Data excerpts
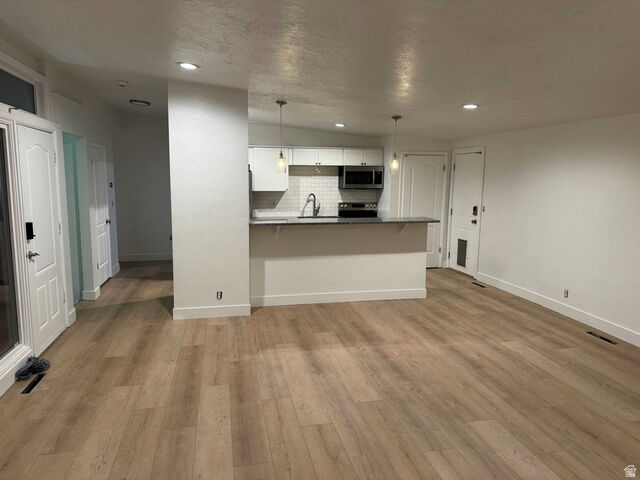 Property Photo:  3830 S Market St  UT 84119 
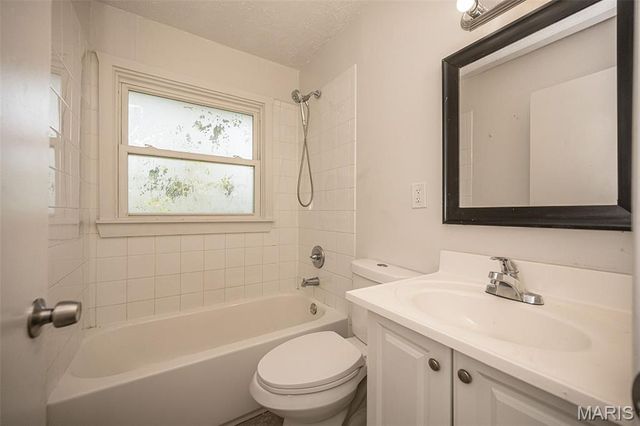 428 Crawford Road, St Louis, MO 63137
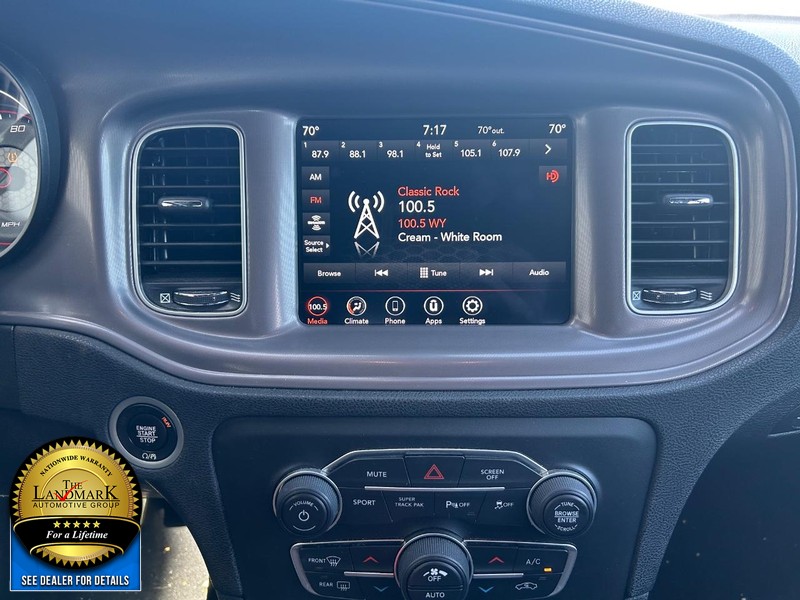 Dodge Charger Vehicle Full-screen Gallery Image 17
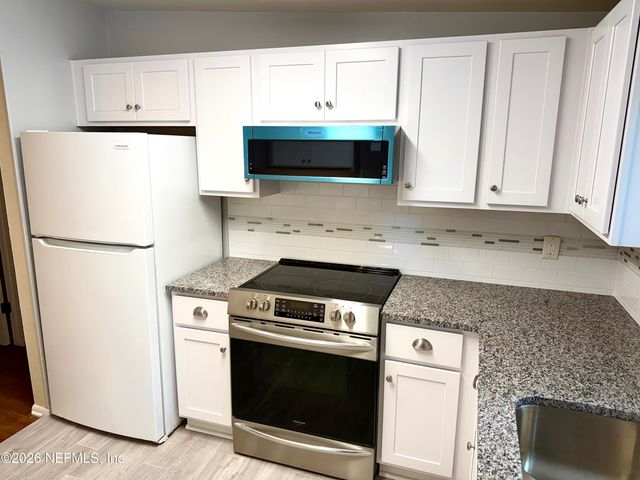 2909 LAUDERDALE Drive E, Jacksonville, FL 32277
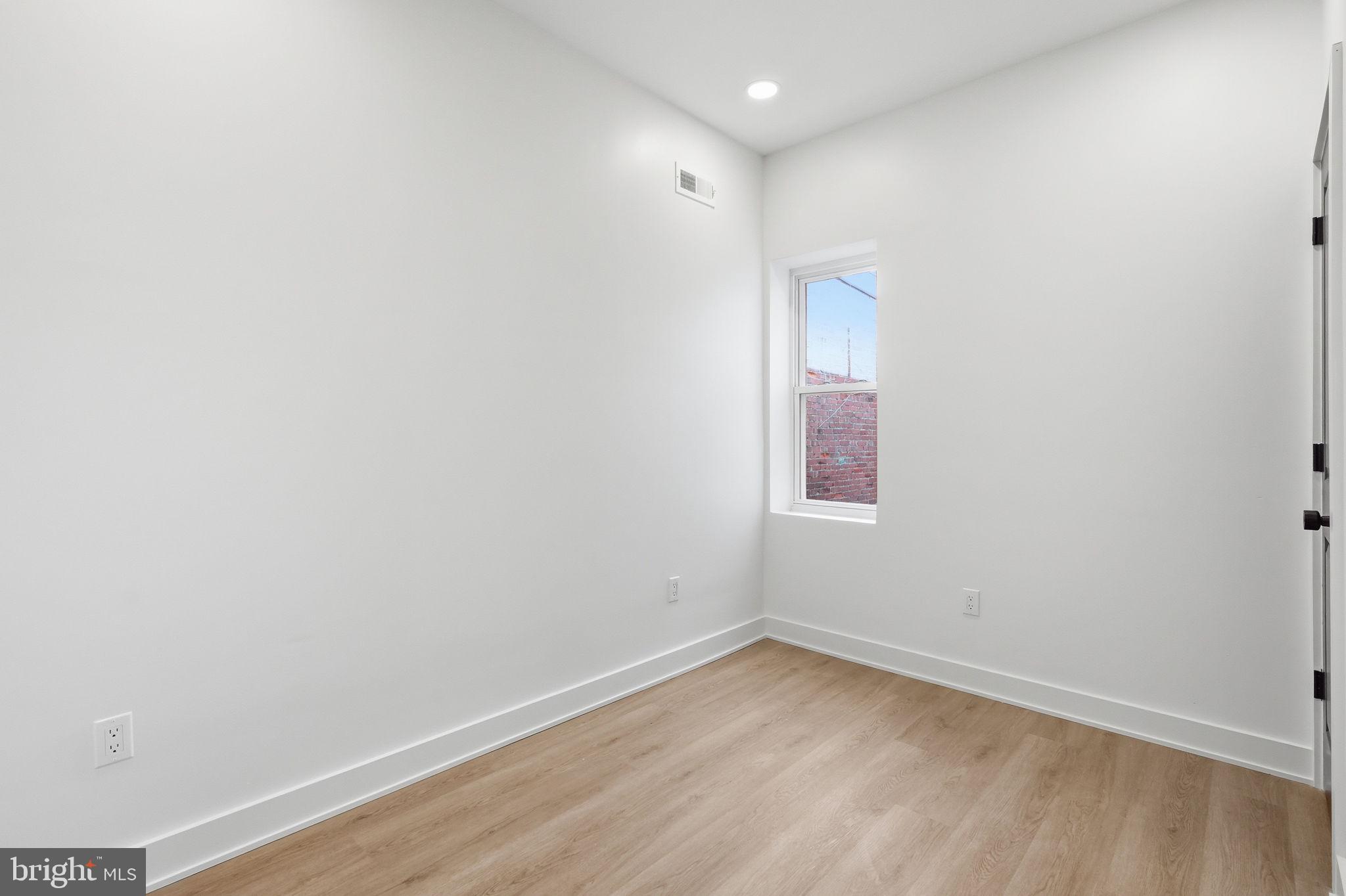 COBBS CREEK - Residential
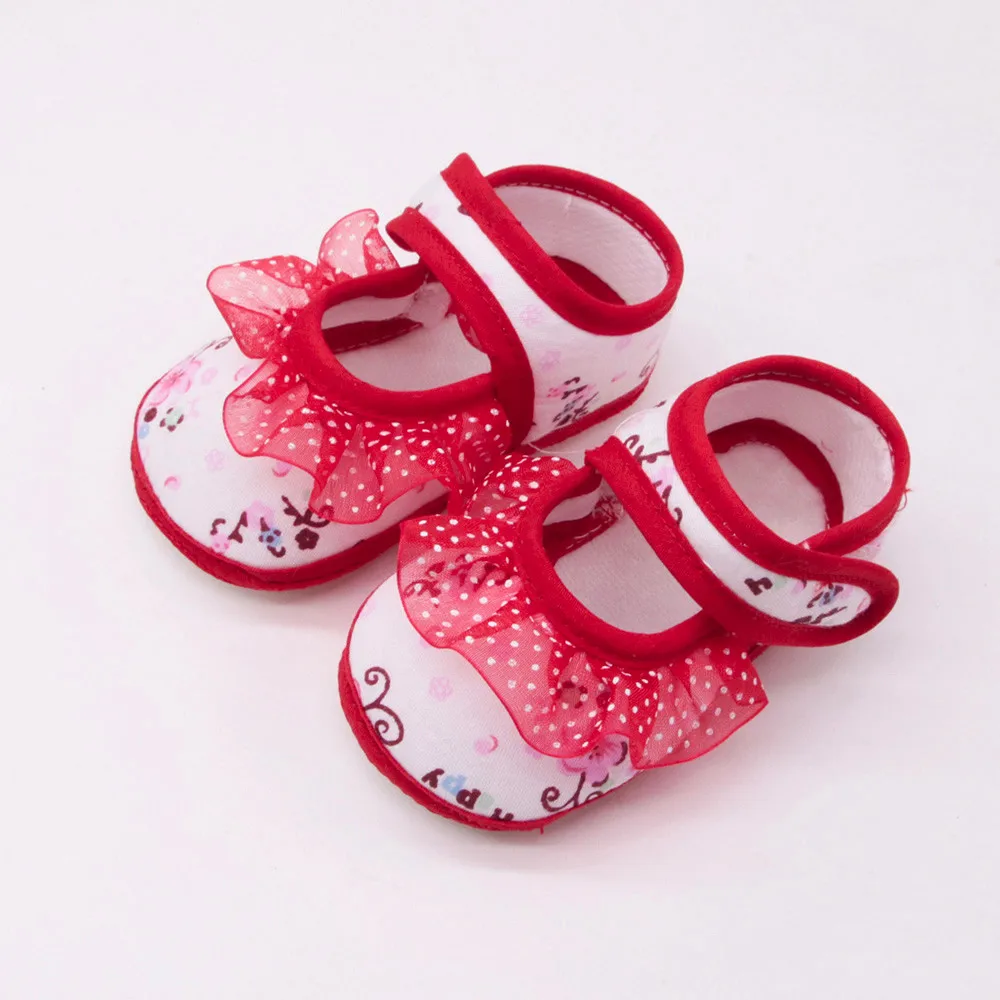 Zapatos suaves para niñas recién nacidas, zapatos con suela de encaje con estampado Floral, zapatos calzado de cuna de algodón con gancho para tela y bucle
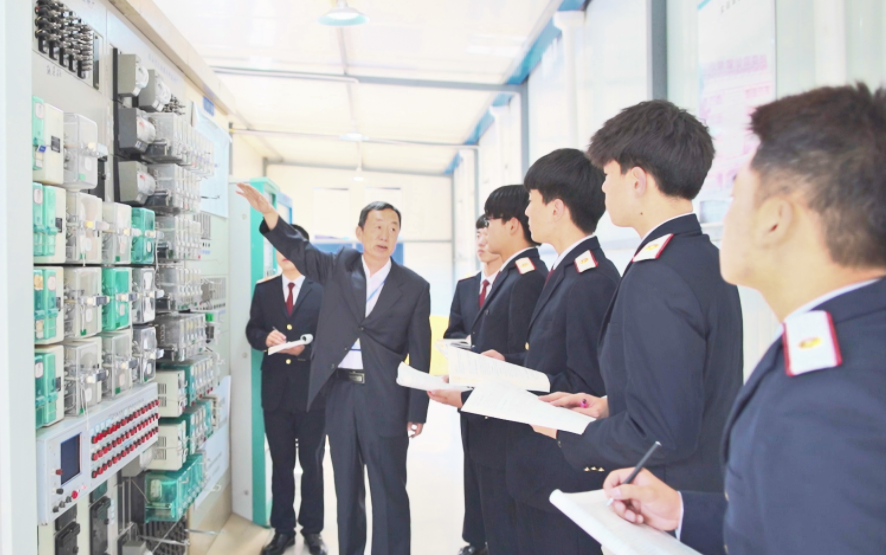 告别纸上谈兵！西安铁道技师学院实训室解锁你的职业通行密码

> _WHAT TO DO_:
Beginning with the line that contains "Dodge Charger Vehicle" and ending with the last line of the data, restate each line word for word. Exclude the pictures.

> _RESULT OF THIS EXERCISE_:
 Dodge Charger Vehicle Full-screen Gallery Image 17
 2909 LAUDERDALE Drive E, Jacksonville, FL 32277
 COBBS CREEK - Residential
 Zapatos suaves para niñas recién nacidas, zapatos con suela de encaje con estampado Floral, zapatos calzado de cuna de algodón con gancho para tela y bucle
 告别纸上谈兵！西安铁道技师学院实训室解锁你的职业通行密码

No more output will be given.